With rock sending country into freefall, Nelson had ideas there as well. While Red Foley and Eddy Arnold recorded with background singers earlier, Nelson, well versed in using vocal ensembles, created a template for the Nashville Sound by adding the Jordanaires behind Sonny James on “Young Love” and on Ferlin Husky’s ballad “Gone”, omitting fiddle and steel. The crossover successes of both singles launched a trend. In 1957, Chet Atkins began producing Jim Reeves that way.
Nelson protected his acts. When a substance-abusing Travis recorded flawed take after flawed take for an instrumental guitar album, Nelson meticulously spliced together usable bits of various takes to create a releasable LP. He also had limits. Guitarist Jimmy Bryant’s volatile behavior got him dropped from Capitol’s roster.

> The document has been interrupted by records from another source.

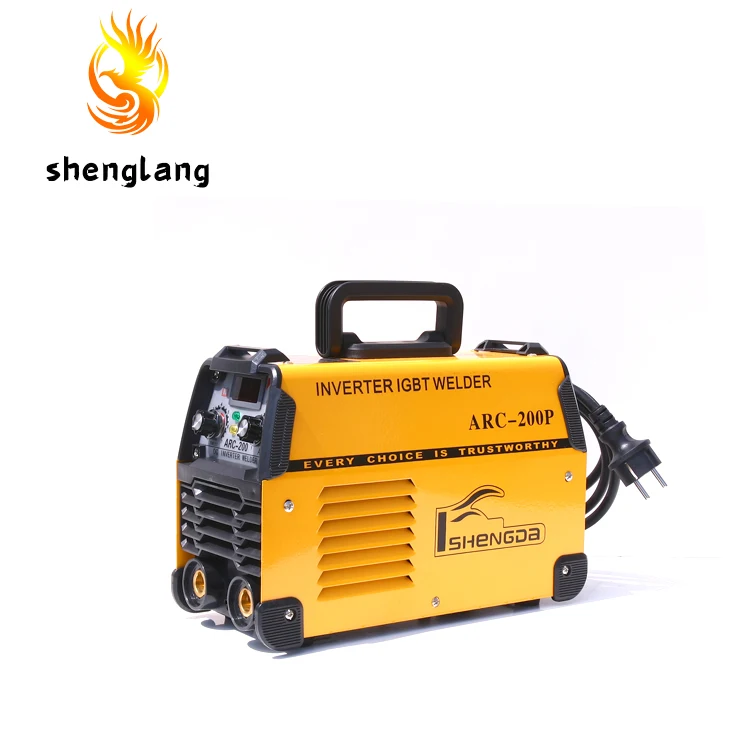 Portable Arc Welding Machine Single Phase Portable Welding Machine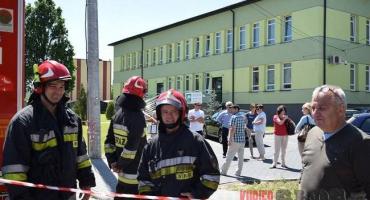 Fałszywe alarmy bombowe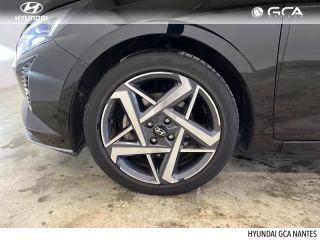 44800 : Hyundai NANTES SAINT HERBLAIN - GCH NANTES - HYUNDAI i20 - i20 - Phantom Black Métal - Traction - Essence
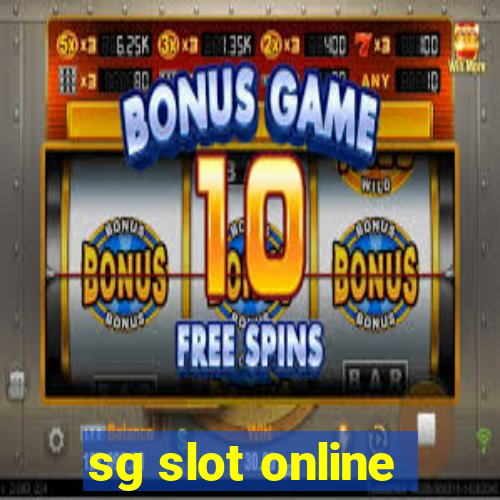 sg slot online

He was also capable of miscalculating. Neither Jerry Reed nor Bobby Bare thrived at Capitol, and adding a pop vocal ensemble to Buck Owens’ first session in 1957 led to anemic sales that nearly cost Owens his contract. After fighting to keep him, Nelson defaulted to the honky-tonk that launched Buck’s career. Even so, when Owens experimented with rock-flavored country in the early ’70s, a disapproving Nelson left Owens to produce himself.
As Buck headed into overdrive with “Act Naturally” in 1963, Nelson first heard Merle Haggard. Loyal to his small Bakersfield label, Haggard refused to join Capitol until 1965. Over the next decade, Nelson brought out the brilliance that made him a second pillar of the Bakersfield Sound and an enduring American artist. Retiring from Capitol in 1976, Nelson briefly produced Haggard independently. He remained in touch with industry friends, but focused mainly on travel and his family.
It remains troubling that Nelson’s election to the Country Music Hall of Fame took decades. Some of Capitol’s west coast acts, Owens and Haggard among them, openly scorned Music Row. Nelson, by contrast, was an insider, a founding member of the CMA and its President in 1961 and ’62. Fortunately he remained healthy enough to attend his 2001 induction at age 90. Illness only intervened in recent years. “Fate,” he told me, “just puts everything together.” Owens, summing up his mentor in 1992, felt his impact transcended mere music. “He was a very silent influence on me, as far as growing and being a good citizen.Ken Nelson was a very great man.”